Adolf Hitler, I. Dünya Savaşı'ndan sonra yapılan Versay Andlaşması'nı Almanya ve Almanlar için kara bir leke, yırtılması gereken bir paçavra sayıyordu. Oysa Versay Andlaşması'na göre:
1 - Alman ordusu silahsızlandırılacak,sınırlı, güçsüz bir jandarma birliği niteliğini aşamıyacaktı.
2- Alman donanmasının bütün gemileri I. Dünya Savaşı'nın muzaffer devletlerine teslim edilecek, Almanya yeni bir savaş filosu kuramayacaktı.

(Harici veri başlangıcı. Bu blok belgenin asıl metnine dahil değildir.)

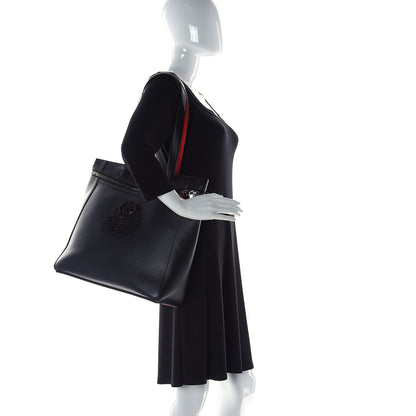 Christian Louboutin Grained Calfskin Studded Tote Black 2 of 17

3- Almanya bütün sömürgelerinden çekilecekti.
4- Alsas-Loren'deki iddia ve isteklerinden vazgeçecek , Ruhr ve Saar bölgesi belirli bir süre için Fransa'ya,bazı topraklar da Polonya'ya verilecekti.
Gizli gizli hazırlanan Hitler, yeteri kadar kuvvetlendiğine kanaat getirince bu maddelerin hiç birini tanımadığını açıkladı. İtalya ve Almanya'da bunlar olurken, Fransa'da geçen savaşın yaralarını sarmaya çalışıyordu. I. Dünya Savaşının en büyük ve kanlı çarpışmalarının çoğu Fransa topraklarında olmuştu. Kendi derdine düşmüş olan Fransa, İtalya ve Almanya'daki endişe verici gelişmelerin farkında bile değildi. İngilizler'e gelince,dünya,ölçüsünde ticaretin önderliğini sürdürmekten başka bir düşünceleri yoktu.
Dünyayı tehdit eden dev boyutlu barut fıçısının Pasifik Okyanusu tarafındaki fitili, 19013 yılında Rusya'yı yenilgiye uğrarattıktan sonra güçlü bir ülke,dünya ölçüsünde bir kuvvet olan, Japonya tarafından ateşlenmişti. Japonya İmparatoru'nun kudsal görevi bütün dünyayı yönetmekti. Japonlar 1931 yılında Mançurya'nın Çin'e ait bölgelerini istila ettiler. Mançuko'da kukla bir hükümet kurdular. 1937'de Çin'de alabildiğine ilerlediler. Öyle ki, 1939 yılının ilkbaharında, Japonlar'ın altın rüyası gerçekleşme yolunda hızla ilerliyordu. Bütün bunlara karşılık, Birleşik Amerika büyük 1929 Ekonomik Krizi'nin etkilerinden yeni yeni sıyrılmıştı. Bazı Amerikan politikacıları ve yöneticileri, Amerika'nın iki okyanusla korunduğuna,başka ülkelerin işlerine karışmamaları gerektiğine inanıyorlardı.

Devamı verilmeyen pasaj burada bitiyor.